Hamburg. Der Preis des Deutschlandtickets für den Nah- und Regionalverkehr lässt sich wohl nicht halten. Welche Vorschläge diskutiert werden.
- Das 49-Euro-Ticket wird von elf Millionen Menschen in Deutschland genutzt.
- Doch der bisherige Preis des Deutschlandtickets lässt sich wohl nicht halten.
- Wird er künftig an den Verbraucherpreisindex gekoppelt?
Elf Millionen Menschen in Deutschland, darunter Hunderttausende Hamburger, nutzen den Nah- und Regionalverkehr seit gut einem Jahr vollkommen sorglos. Verbünde wie der HVV, Tarife und Ticketschalter müssen sie nicht mehr interessieren – denn sie haben das Deutschlandticket auf ihrem Smartphone oder im Portemonnaie. Doch genauso alt wie das 49-Euro-Abo ist die Diskussion über dessen Finanzierung.
Derzeit lassen sich Bund und Länder das Deutschlandticket jeweils 1,5 Milliarden Euro jährlich kosten, damit es ein 49-Euro-Ticket bleiben kann. In der Debatte über den Bundeshaushalt 2025 hatte Finanzminister Christian Lindner (FDP) nun eine Preiserhöhung ins Spiel gebracht. Lindner hatte das Deutschlandticket sogar mit „Sozialleistungen“ in einen Topf geworfen. Das sorgte für mächtig Ärger bei den Verantwortlichen aus anderen Parteien. Wie es mit dem Deutschlandticket weitergehen kann, darum rangen die Verkehrsminister der Länder am Montag bei einer Sonderkonferenz.
Deutschlandticket für HVV und Bahn: Finanzierung im Jahr 2024 soll sicher sein – und 2025?
Hamburgs Verkehrssenator Anjes Tjarks (Grüne) zeigte sich im Vorfeld der Sonderkonferenz zunächst erleichtert. Nämlich darüber, dass die Finanzierung des Tickets für das laufende Jahr endlich gesichert sein soll. „Es ist sehr wichtig, dass der Bund in den laufenden Haushaltsberatungen deutlich gemacht hat, dass er sein Versprechen einhält, dass die nicht verbrauchten Mittel für das Deutschlandticket aus dem Jahr 2023 auf das Jahr 2024 übertragen werden“, sagte Tjarks dem Abendblatt.
Im Jahr 2023 waren 1,2 Milliarden Euro des Deutschlandticket-Budgets übrig geblieben, auch weil das Abo erst im Mai eingeführt wurde. Laut der Bundesregierung sollte das Geld in die Finanzierung des Tickets für 2024 fließen. „Dies war die Voraussetzung, um den Preis für das Jahr 2024 stabil zu halten“, sagte Tjarks. Auf eine feste Zusage für die Umschichtung der Mittel ins aktuelle Jahr hatten die Verkehrsminister der Länder aber bislang gewartet – und teils gebangt, ob sie den Ticketpreis womöglich noch 2024 erhöhen müssen.

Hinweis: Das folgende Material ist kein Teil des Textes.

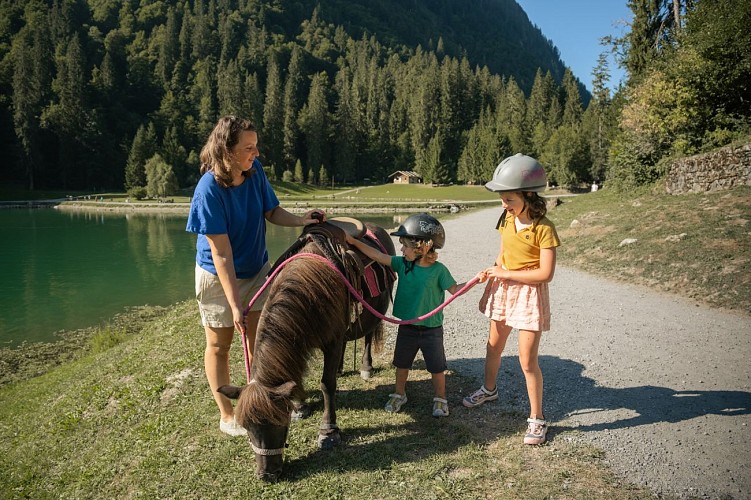 Balade en poney au Lac de Montriond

49-Euro-Ticket wird voraussichtlich teurer, doch um wie viel?
Was die Zukunft des Deutschlandtickets über das Jahr 2024 hinaus angeht, stehen die Zeichen auf Preiserhöhung. Finanzminister Lindner äußerte in der „Welt am Sonntag“ zwar, dass das Deutschlandticket als „Gamechanger“ erhalten bleiben soll. Er sagte aber auch: „Irgendwann muss die Politik entscheiden, ob wir eher in die Schiene investieren wollen oder ob der Preis von 49 Euro bleiben soll.“
Hamburgs Verkehrssenator Tjarks betont ebenfalls, dass Bund und Länder mehr Geld in die marode Infrastruktur stecken müssen, um die Bahn und die Brücken zukunftsfähig zu machen. „Hamburg wird seine Investitionen in die Verkehrsinfrastruktur von jetzt 671 Millionen Euro auf 1,5 Milliarden Euro im Jahr 2027 deswegen deutlich steigern“, so Tjarks. Diesen Weg sollte nach seiner Meinung auch der Bund gehen.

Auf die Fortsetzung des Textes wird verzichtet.